I have recently started reading on stacking. I can't figure out how some of it works though. I saw one awesome image someone took and they did 100 30-second exposures and stacked them. The result was amazing. But when I did any 30-second images, it looked like a blank screen on my camera. How does that work if you have all those exposures and it seems to be capturing nothing. I'd hate to go sit somewhere for an hour, do all those exposures, stack them and find I got nothing in the end!
Is stacking a tough thing to do?
Loved your shots. I hope some clear weather comes soon as I'd like to try some star trails again.
I used a special software for stacking and it was really easy to work with it.
The program was established by a German guy, but you can choose between German and English.
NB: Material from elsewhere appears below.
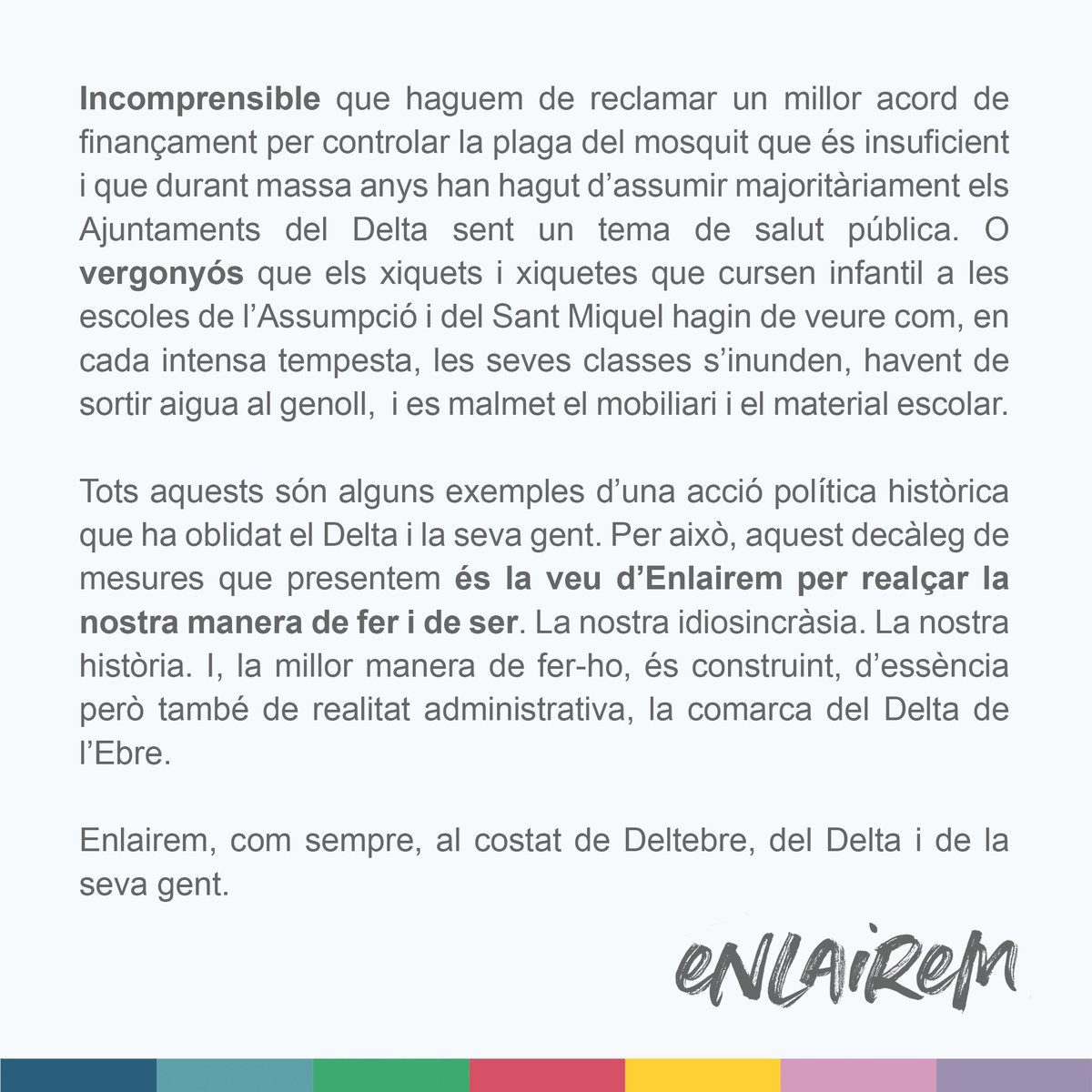Enlairem's tweet photo. 👀 Aquests dies es parla molt, però es parla poc del Delta i de la seva gent. Per això, des d'Enlairem, hem confeccionat un decàleg de compromisos que sol·licitem als partits polítics que es presenten a les eleccions catalanes: https://t.co/93xNchXeZ3 https://t.co/k5prh526IG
One disadvantage of stacking software is that you get gaps in the trails. Within a lower resolution you barely see it, but in high resolution this can be really ugly.
I just started experimenting with my camera and star trails and still have to improve my technique a lot.
But I found a really good article about star trails, maybe it is helpful for you.
http://www.naturephotographers.net/arti ... 509-1.html
unfortunately too complicated for me.
I mostly use Picasa for editing pictures, because it is absolutely easy. I have no idea how to do something with these complicated programs other than auto correct.
Here are my tries.
I started doing star trails years ago with film and it was much easier! Just set it up open the shutter and hours later go back and you're done. Now with digital the it's issues it's harder to do. You can see I'm getting a bit better then a few years ago. the 60D really seems to do this well.
And americanhero wanna know a secret? Download this- it's free and works great! http://www.markus-enzweiler.de/StarStaX ... l#download
Here are my hints. For plain star photos without the fancy tracking tripods use the highest ISO your camera can handle, open the lens as wide as it'll go and shoot for about 30 sec. Any more then that and the stars will start to move. The longer the lens the shorter the time. At 10mm 30 sec seems to be ok. Some do 25. For trails I set it up at ISO 100, wide open and shoot for 10 min. Problem is when you unlock the shutter and take the next photo it has to be VERY fast or you'll get spacing in between your trails. I do 10 min shots for as long as I want. Then shoot a bunch of dark images. It is important to do this at the time of shooting so the temp of the battery and sensor is the same. Basically just put the cap tightly on the lens and keep the settings (ISO, f/stop, ss) all the same. I only shoot about 4 of these. Some do a lot more. Doing this helps keep the noise down a bit.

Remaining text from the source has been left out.